Keeping up with my pattern of confessing this stuff that no one wants to know but guarding against internal hypocrisy. I have AGAIN broken my efforts at retaining my lower energy, not masturbating.
It comes down to porn. After too much self control is used and after a week of feeling ill and not being able to exercise or distract myself in many ways, my energy has been released, i.e. I have masturbated.
I believe this is important. The way I finally have to nail this problem shut is:
A) Never go on porn. Remember that the sexual urge, the 'point of no return' can come out of absolutely nowhere. Can go from 0 - 60 in .2 seconds.
B) Remember that if people do release then nothing is any different than it was a few minutes before.

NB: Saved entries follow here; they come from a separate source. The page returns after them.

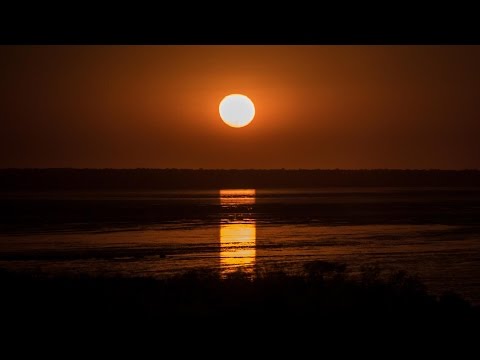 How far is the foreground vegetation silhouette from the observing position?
36.0 feet

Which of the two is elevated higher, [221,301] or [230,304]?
[221,301]

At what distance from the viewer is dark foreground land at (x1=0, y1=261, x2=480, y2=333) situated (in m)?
10.6

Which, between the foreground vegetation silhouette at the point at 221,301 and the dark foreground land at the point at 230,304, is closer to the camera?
the dark foreground land at the point at 230,304

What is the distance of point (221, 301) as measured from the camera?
12680 mm

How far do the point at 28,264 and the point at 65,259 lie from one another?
2239 millimetres

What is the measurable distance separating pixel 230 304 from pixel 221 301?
67 centimetres

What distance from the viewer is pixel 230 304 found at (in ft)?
39.5

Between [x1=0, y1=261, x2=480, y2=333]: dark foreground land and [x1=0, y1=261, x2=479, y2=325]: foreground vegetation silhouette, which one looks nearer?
[x1=0, y1=261, x2=480, y2=333]: dark foreground land

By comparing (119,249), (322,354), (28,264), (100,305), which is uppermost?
(119,249)

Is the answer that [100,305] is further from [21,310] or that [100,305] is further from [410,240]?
[410,240]

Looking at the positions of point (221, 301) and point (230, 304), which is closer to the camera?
point (230, 304)

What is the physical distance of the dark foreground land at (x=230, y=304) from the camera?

Thoughts stay the same.
C) There is often an attractive woman some other place that can satisfy the feeling that leads to these feelings. Although it is not always obvious.
(There is a video I could have watched here would have settled this possibly.)
It gives me a thought. Porn is mostly filled with things that are not really good for someone, as I understand it. The spirit basically co- operates with man - women genital intercourse and not much else, no anal no oral, no same sex and two being in love. To do anything else is to break the spirit away from the body and this means they are always allowed to separate after even one time of this.
The porn industry is a lot to do with money, threats and ambitious people that want other things. Although this seems like a hard feminist point, (I have no positivity to feminists AT ALL), it seems to me disincentivising this specific industry can only be positive.